╭─ COLLECTED DATA

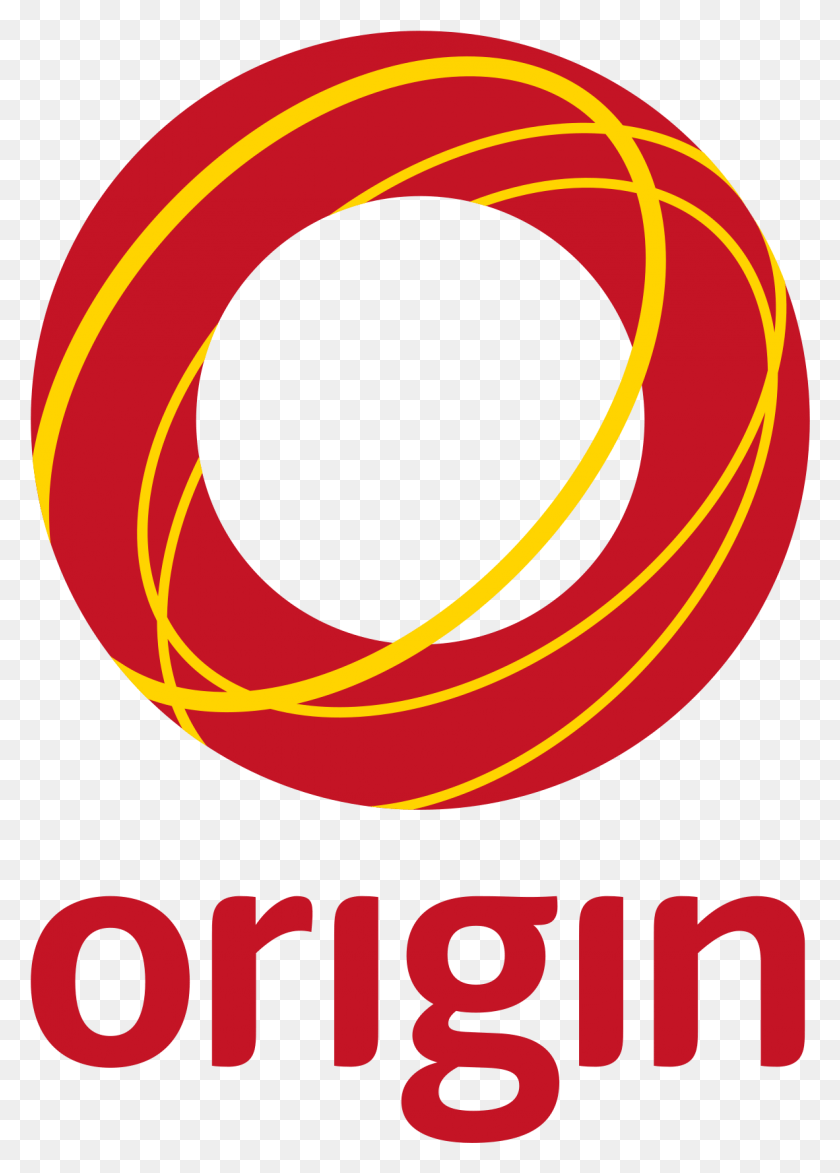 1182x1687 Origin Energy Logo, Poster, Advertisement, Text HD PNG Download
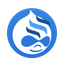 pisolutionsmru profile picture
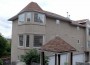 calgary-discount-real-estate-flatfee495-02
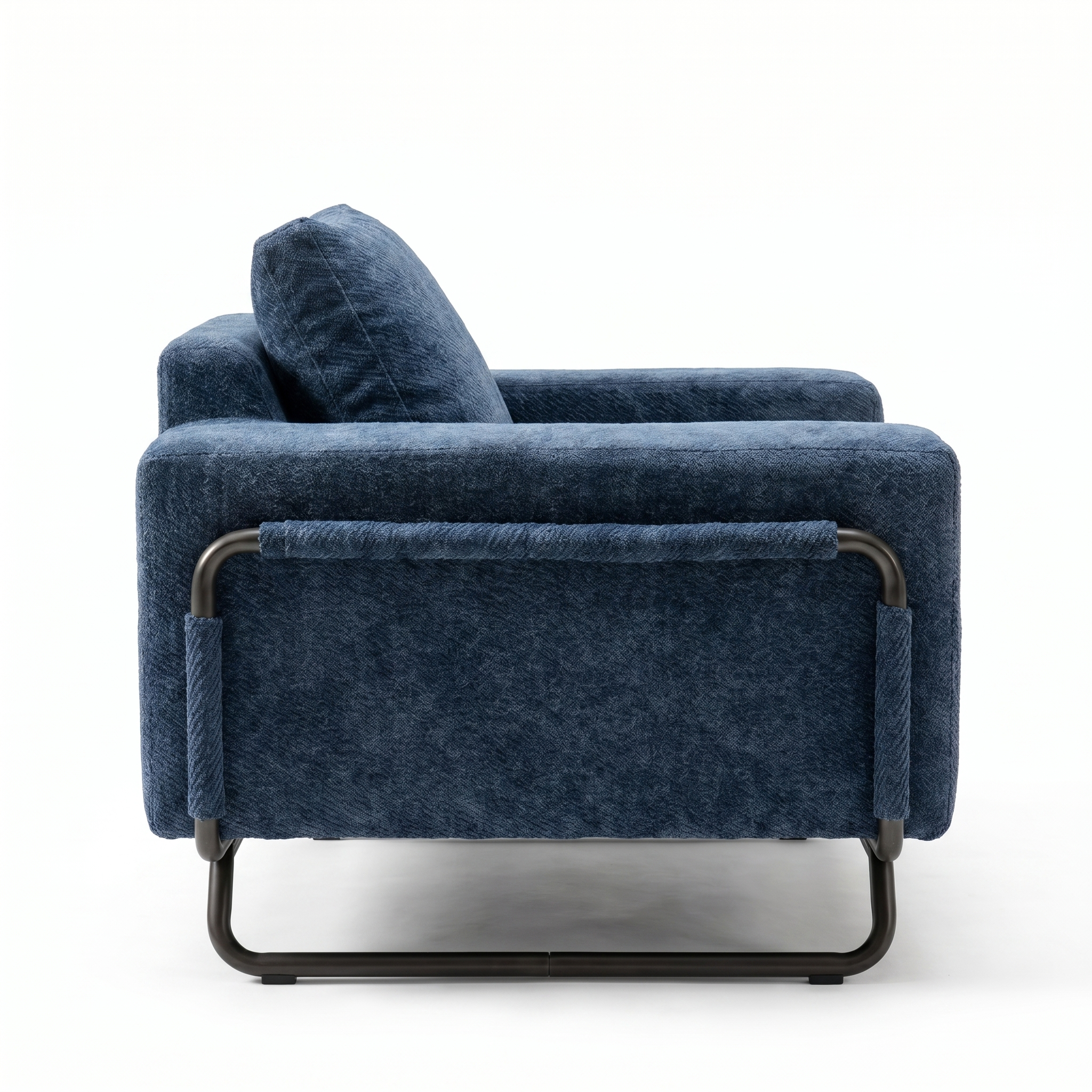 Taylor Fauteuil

╰─

Repeat all of the data above word for word, minus the pictures.

▶ _RESPONSE BOX_:
 1182x1687 Origin Energy Logo, Poster, Advertisement, Text HD PNG Download
 pisolutionsmru profile picture
 calgary-discount-real-estate-flatfee495-02
 Taylor Fauteuil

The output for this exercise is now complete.